> _MATERIAL PROVIDED_:
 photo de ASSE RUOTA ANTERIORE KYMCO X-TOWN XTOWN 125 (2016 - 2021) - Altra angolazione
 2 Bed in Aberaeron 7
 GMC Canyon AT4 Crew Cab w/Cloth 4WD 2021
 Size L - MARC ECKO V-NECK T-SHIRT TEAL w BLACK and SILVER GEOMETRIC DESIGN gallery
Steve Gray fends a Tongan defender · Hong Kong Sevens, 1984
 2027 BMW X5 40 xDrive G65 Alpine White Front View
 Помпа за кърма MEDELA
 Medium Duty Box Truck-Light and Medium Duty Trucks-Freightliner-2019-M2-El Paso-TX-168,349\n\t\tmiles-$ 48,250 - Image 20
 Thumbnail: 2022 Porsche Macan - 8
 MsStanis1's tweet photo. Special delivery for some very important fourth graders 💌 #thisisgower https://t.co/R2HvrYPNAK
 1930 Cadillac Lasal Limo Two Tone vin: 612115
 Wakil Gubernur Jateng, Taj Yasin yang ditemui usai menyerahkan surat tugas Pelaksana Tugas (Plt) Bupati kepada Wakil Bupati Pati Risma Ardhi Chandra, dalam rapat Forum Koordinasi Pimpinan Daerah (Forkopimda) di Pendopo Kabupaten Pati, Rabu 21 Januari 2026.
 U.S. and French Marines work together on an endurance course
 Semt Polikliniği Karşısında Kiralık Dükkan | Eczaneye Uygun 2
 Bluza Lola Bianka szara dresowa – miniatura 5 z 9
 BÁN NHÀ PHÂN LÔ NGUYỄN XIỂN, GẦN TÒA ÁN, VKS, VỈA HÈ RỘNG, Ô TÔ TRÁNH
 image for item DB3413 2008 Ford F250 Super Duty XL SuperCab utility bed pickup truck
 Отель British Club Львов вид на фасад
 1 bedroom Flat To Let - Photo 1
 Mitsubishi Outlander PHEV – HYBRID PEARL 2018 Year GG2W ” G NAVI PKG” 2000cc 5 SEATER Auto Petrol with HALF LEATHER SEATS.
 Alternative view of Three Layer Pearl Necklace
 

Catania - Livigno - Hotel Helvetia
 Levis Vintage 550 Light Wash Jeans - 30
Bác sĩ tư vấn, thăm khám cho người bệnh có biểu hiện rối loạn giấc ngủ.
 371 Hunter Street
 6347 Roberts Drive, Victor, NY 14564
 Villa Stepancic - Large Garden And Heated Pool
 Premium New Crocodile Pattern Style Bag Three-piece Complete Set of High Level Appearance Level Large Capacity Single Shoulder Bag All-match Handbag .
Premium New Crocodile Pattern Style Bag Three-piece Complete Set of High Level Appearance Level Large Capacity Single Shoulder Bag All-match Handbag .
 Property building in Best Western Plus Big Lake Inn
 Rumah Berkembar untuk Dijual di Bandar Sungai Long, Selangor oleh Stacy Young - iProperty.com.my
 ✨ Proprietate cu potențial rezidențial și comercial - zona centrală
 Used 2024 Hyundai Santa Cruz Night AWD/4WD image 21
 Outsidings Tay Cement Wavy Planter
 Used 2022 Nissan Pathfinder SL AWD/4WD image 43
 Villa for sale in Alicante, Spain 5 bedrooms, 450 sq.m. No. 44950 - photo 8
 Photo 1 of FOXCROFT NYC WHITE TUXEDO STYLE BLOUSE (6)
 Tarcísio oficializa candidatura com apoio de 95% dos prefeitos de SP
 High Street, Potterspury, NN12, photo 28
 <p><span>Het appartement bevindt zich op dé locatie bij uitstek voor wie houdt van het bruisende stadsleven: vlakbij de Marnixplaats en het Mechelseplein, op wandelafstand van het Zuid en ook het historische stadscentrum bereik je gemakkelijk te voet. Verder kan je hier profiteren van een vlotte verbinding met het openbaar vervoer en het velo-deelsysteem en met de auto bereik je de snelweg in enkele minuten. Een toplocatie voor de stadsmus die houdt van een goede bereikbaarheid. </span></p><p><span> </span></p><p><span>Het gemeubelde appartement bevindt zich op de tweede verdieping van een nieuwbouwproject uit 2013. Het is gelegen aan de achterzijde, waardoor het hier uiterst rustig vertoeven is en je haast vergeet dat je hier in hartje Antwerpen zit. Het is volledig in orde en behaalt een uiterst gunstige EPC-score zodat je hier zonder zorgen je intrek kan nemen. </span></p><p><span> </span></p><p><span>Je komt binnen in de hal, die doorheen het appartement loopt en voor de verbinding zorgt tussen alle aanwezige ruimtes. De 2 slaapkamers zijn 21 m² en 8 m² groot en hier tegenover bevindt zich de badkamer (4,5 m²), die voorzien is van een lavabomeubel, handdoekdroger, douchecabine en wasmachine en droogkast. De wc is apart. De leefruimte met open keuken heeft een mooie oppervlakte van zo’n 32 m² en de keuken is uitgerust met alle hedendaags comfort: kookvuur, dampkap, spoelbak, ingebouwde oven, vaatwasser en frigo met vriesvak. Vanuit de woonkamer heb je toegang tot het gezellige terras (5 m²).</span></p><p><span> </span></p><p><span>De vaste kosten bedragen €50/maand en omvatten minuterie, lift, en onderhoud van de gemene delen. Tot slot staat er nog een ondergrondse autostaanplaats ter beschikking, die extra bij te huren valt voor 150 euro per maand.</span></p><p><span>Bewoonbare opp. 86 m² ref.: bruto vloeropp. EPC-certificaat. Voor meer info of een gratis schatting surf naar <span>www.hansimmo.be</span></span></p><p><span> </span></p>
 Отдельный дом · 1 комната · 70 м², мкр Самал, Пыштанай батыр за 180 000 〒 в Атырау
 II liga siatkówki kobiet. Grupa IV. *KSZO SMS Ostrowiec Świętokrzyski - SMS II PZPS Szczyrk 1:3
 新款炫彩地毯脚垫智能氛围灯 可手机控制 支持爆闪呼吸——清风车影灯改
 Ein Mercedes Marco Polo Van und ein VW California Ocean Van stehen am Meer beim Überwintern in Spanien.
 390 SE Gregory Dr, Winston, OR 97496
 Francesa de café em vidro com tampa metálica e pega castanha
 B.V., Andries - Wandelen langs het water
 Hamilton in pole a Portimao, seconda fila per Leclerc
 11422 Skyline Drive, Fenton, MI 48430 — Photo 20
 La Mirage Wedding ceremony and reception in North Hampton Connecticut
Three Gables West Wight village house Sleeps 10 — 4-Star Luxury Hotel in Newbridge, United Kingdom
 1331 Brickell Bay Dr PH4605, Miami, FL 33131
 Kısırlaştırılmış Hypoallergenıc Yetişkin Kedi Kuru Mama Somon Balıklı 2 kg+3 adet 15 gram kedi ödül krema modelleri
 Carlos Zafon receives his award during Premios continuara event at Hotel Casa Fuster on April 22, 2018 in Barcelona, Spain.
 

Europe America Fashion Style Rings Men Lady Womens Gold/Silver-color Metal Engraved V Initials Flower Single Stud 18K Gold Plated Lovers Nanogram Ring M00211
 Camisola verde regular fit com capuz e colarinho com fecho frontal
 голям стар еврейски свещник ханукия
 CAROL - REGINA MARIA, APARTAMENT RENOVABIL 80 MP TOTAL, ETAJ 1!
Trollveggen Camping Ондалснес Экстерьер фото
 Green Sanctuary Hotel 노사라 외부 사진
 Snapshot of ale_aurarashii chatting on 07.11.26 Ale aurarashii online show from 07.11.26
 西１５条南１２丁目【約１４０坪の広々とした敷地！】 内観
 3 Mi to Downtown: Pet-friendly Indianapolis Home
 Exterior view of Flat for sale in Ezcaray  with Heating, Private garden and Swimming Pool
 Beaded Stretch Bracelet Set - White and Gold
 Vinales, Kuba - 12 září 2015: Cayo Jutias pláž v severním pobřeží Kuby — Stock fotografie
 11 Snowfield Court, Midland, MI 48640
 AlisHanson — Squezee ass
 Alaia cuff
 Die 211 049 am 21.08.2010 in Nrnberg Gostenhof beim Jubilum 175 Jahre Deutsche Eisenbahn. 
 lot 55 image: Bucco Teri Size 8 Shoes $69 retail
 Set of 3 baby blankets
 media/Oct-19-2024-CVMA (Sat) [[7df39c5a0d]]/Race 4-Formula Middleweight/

> _EXERCISE DIRECTIONS_: In your answer, include only the lines above starting at the line that holds "голям стар еврейски свещник ханукия" and ending at the line that holds "Beaded Stretch Bracelet Set - White and Gold", copied exactly.

> _EXPECTED ANSWER_:
 голям стар еврейски свещник ханукия
 CAROL - REGINA MARIA, APARTAMENT RENOVABIL 80 MP TOTAL, ETAJ 1!
Trollveggen Camping Ондалснес Экстерьер фото
 Green Sanctuary Hotel 노사라 외부 사진
 Snapshot of ale_aurarashii chatting on 07.11.26 Ale aurarashii online show from 07.11.26
 西１５条南１２丁目【約１４０坪の広々とした敷地！】 内観
 3 Mi to Downtown: Pet-friendly Indianapolis Home
 Exterior view of Flat for sale in Ezcaray  with Heating, Private garden and Swimming Pool
 Beaded Stretch Bracelet Set - White and Gold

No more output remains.